About this task: Here the job is to repeat the listing exactly, but not the pictures in it.

[Provided material Boundary: Start]

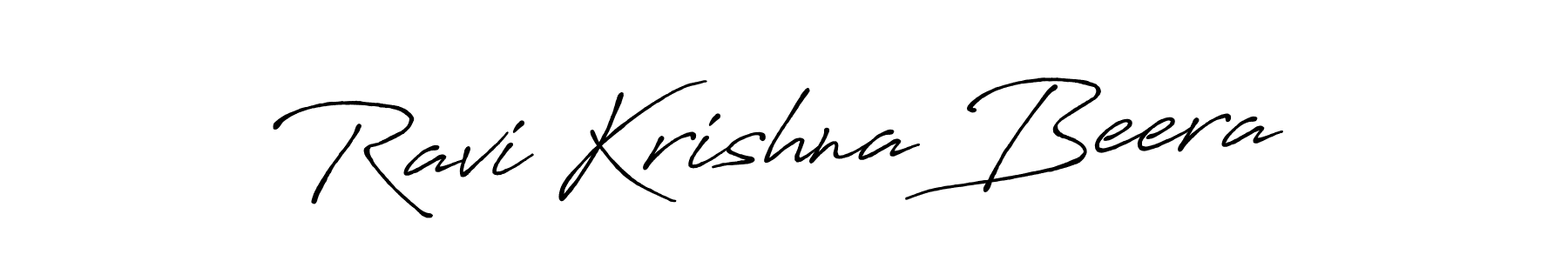 Ravi Krishna Beera stylish signature style. Best Handwritten Sign (Antro_Vectra_Bolder) for my name. Handwritten Signature Collection Ideas for my name Ravi Krishna Beera. Ravi Krishna Beera signature style 7 images and pictures png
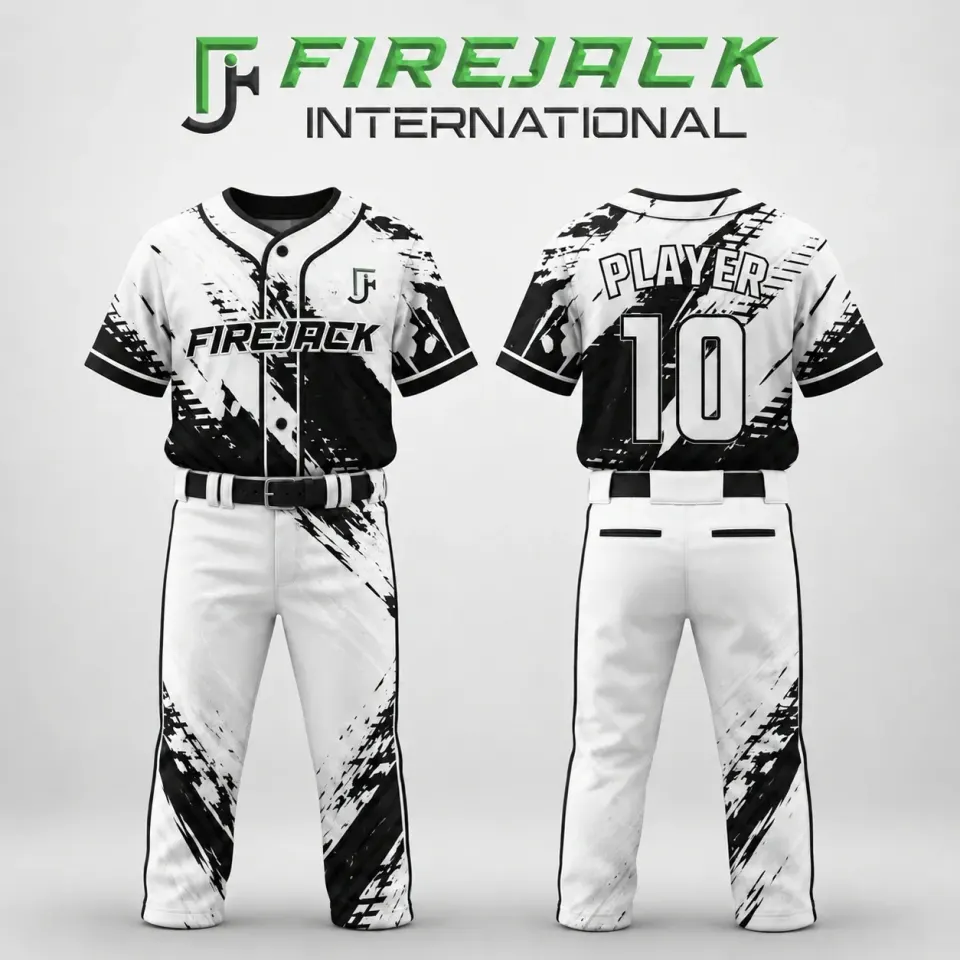 Custom Baseball Uniform Packages | Black & White Youth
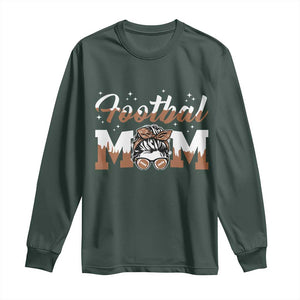 Football Mom Life Long Sleeve Shirt Sports Fan Gift For Women TS12 Dark Forest Green Print Your Wear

[Provided material Boundary: End]

Expected output:
 Ravi Krishna Beera stylish signature style. Best Handwritten Sign (Antro_Vectra_Bolder) for my name. Handwritten Signature Collection Ideas for my name Ravi Krishna Beera. Ravi Krishna Beera signature style 7 images and pictures png
 Custom Baseball Uniform Packages | Black & White Youth
 Football Mom Life Long Sleeve Shirt Sports Fan Gift For Women TS12 Dark Forest Green Print Your Wear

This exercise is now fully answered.